NDAs can cover material mundane, dull or arbitrary. A password could be a secret, and it's all those things. The number of users sampled could easily be a trade secret.
It's not like the NDA says "keep our secrets unless you think they're too boring to keep". It says "anything marked in the following way is a secret you cannot reveal." If Musk thought that was public knowledge, he could fight them in court. Of course, that would torpedo his "this is new information to me, I need to get out of the TWTR acquisition" claims.
I meant it was mundane in the way that any stat new grad could have come up with this methodology.
If you give anyone 5 seconds to come up with a methodology to check for bot, they would probably come up with "yeah, let's sample 100 of our followers and check manually".
It is the most obvious simplest method that it surprises me twitter can even call this trade secret under NDA.
Here's an example of something more obvious. We have a new finance grad. He comes up with the methodology of "let's take all the corporate profit for the quarter, divide it by the outstanding shares, and distribute it". It's a bit simple, but it's fine. However, if you know that comes out to $7.22/share and announce that ahead of the announcement, you would breach your NDA. It's just a stupid number, but it means something.

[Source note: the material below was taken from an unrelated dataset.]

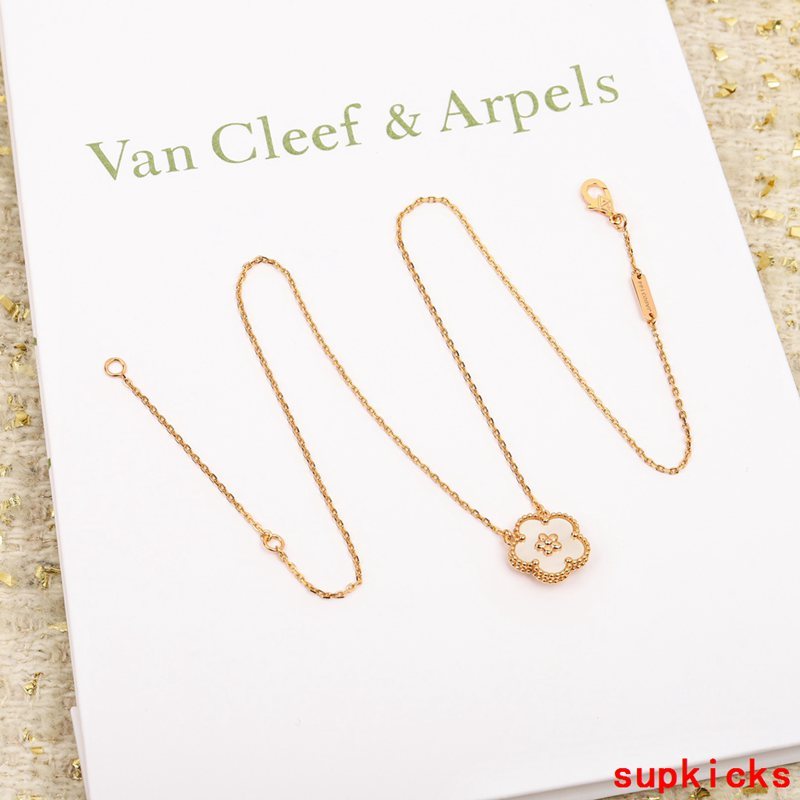 Close-up detail view of Van Cleef & Arpels unisex jewelry piece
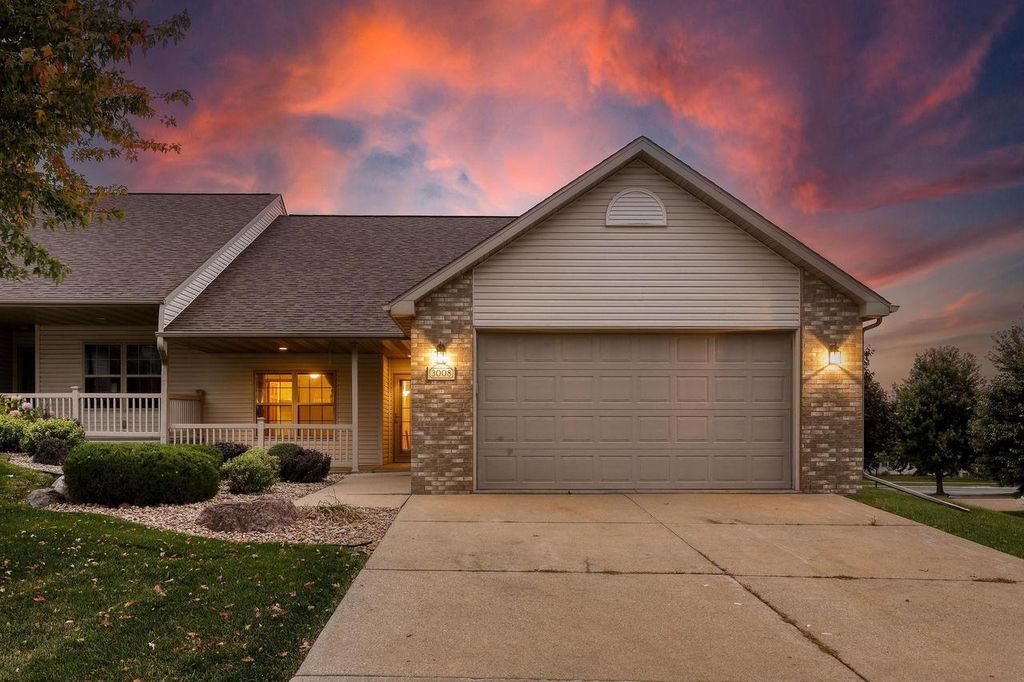 Photo of 3008 Trenton DRIVE, Sun Prairie, WI 53590 (MLS # 2010231)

Similarly, the fact that Twitter used 100, instead of 1000 or 2700 gives you error bars. It means something.
Semi-unrelated: a new stat grad would almost certainly not choose 100. They would feel compelled to run some math and come up with a different sample size that matched the results of some equations for power analysis, etc.
It's not like the NDA says "keep our secrets unless you think they're too boring to keep". It says "anything marked in the following way is a secret you cannot reveal." If Musk thought that was public knowledge, he could fight them in court. Of course, that would torpedo his "this is new information to me, I need to get out of the TWTR acquisition" claims.